=== Begin Enclosure ===

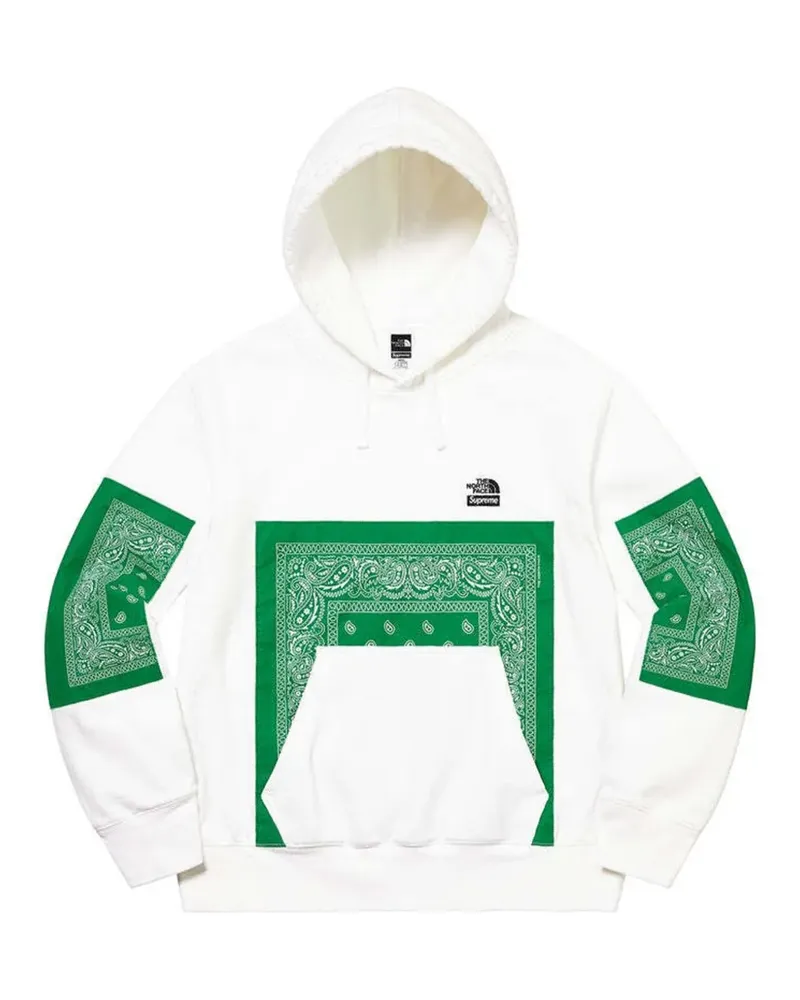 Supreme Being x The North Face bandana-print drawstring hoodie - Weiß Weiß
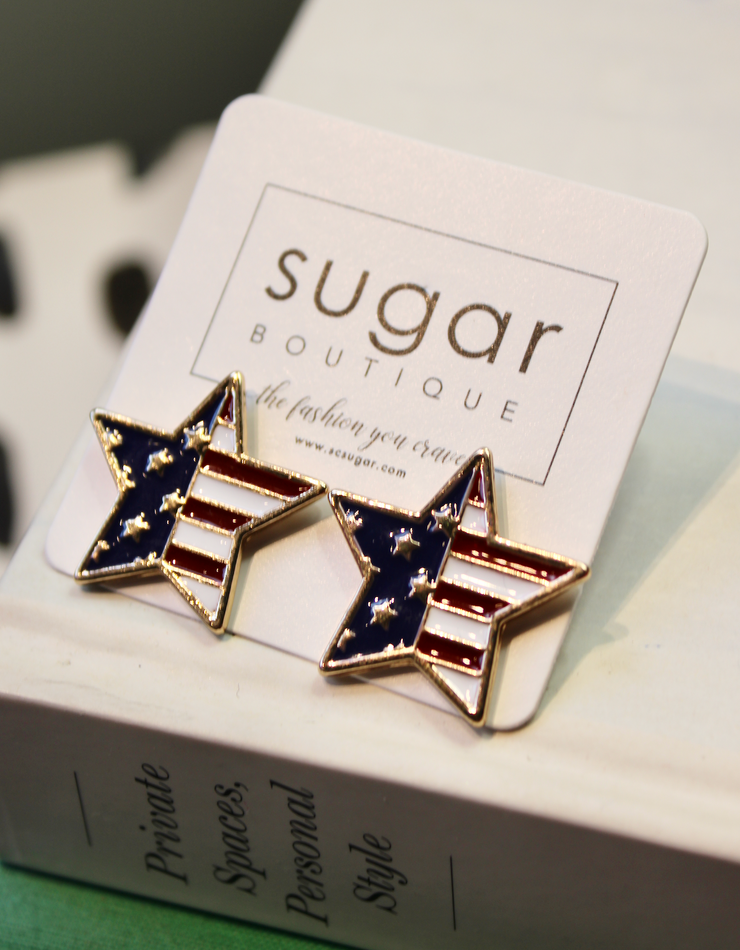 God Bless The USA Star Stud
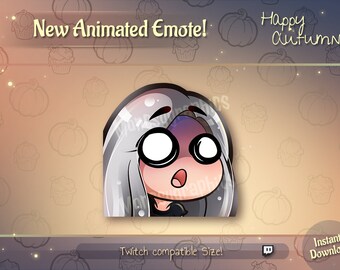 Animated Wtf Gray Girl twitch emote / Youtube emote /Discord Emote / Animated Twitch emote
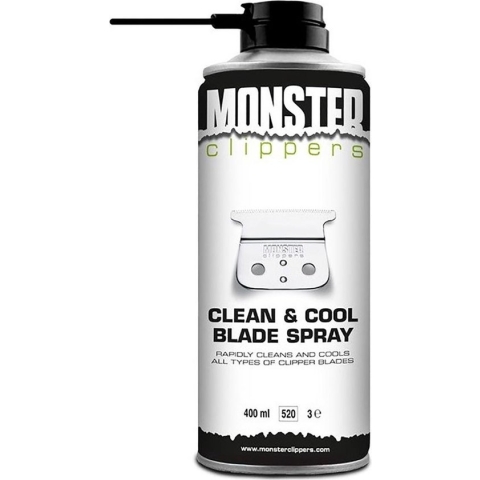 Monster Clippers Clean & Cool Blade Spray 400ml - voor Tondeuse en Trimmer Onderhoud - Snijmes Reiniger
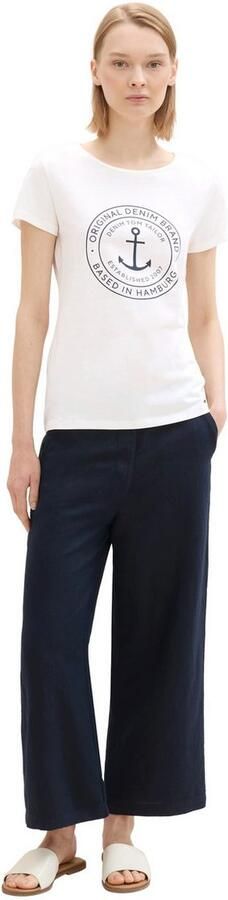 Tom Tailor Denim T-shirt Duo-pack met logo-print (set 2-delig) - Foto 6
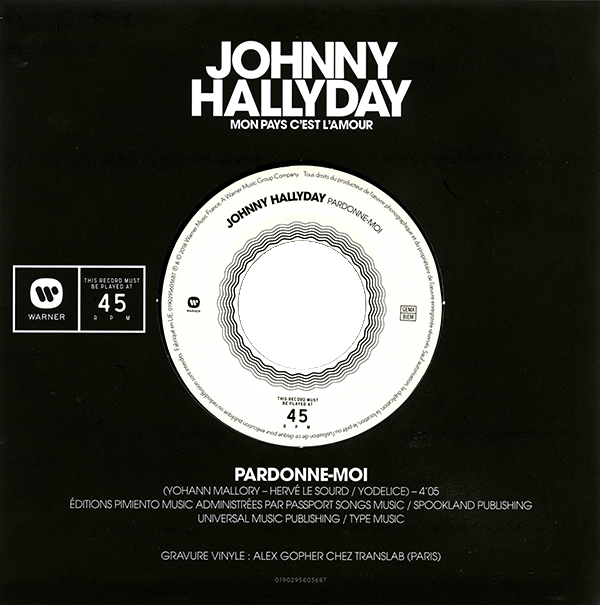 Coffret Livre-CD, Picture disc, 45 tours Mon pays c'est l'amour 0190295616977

=== End Enclosure ===

Try it: Could you return each line, unchanged, from the line containing "Tom Tailor Denim" through the last line of the entries above, leaving out the pictures?

Written reply:
 Tom Tailor Denim T-shirt Duo-pack met logo-print (set 2-delig) - Foto 6
 Coffret Livre-CD, Picture disc, 45 tours Mon pays c'est l'amour 0190295616977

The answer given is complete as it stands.